=== Input data ===

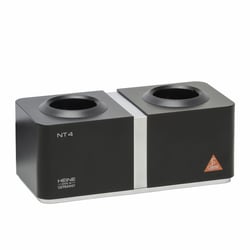 Heine - NT4 oplaadstation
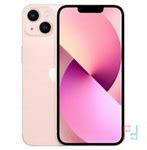 Image result for iPhone 13 Colours Rose Pink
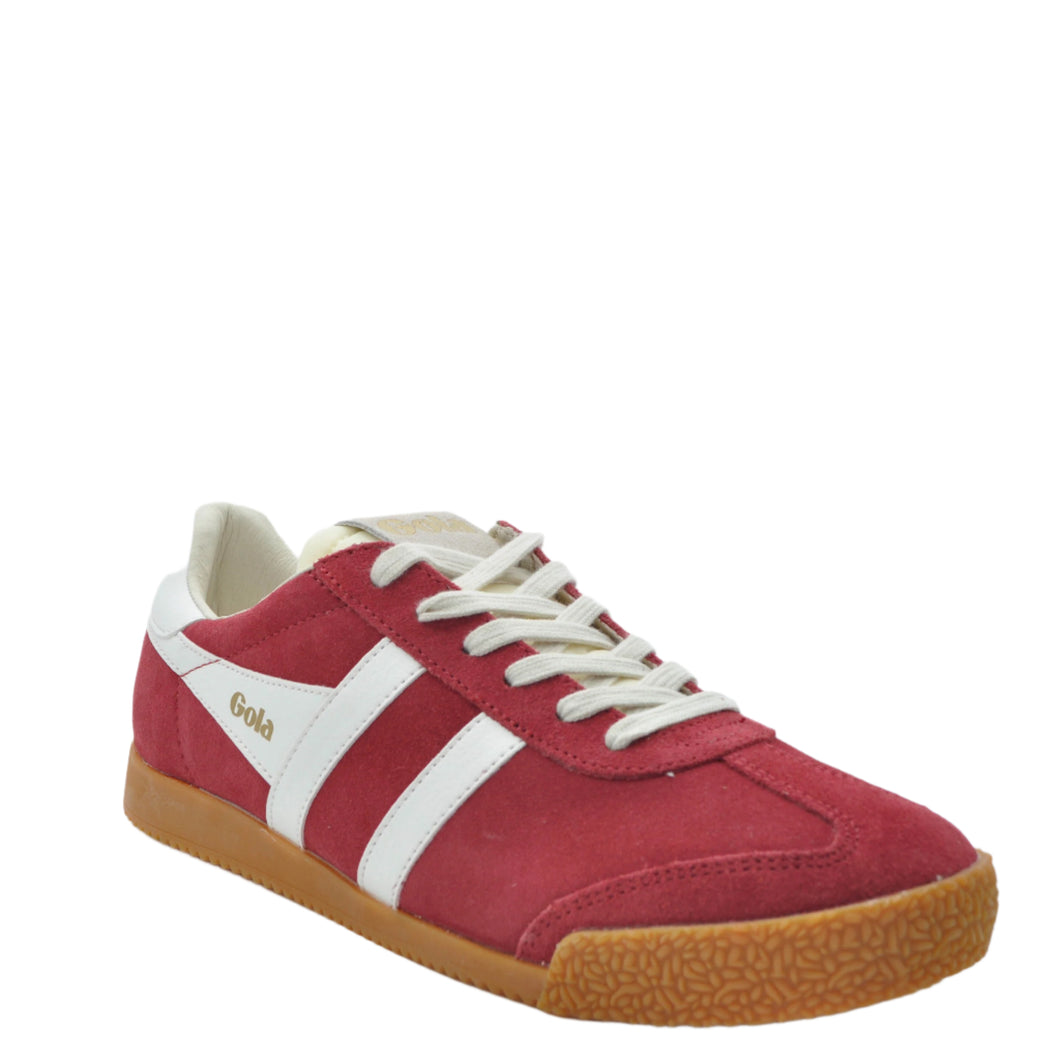 gola trainers for women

===

Task objective: Return an exact transcription of the material, with its pictures left out.

Exercise response:
 Heine - NT4 oplaadstation
 Image result for iPhone 13 Colours Rose Pink
 gola trainers for women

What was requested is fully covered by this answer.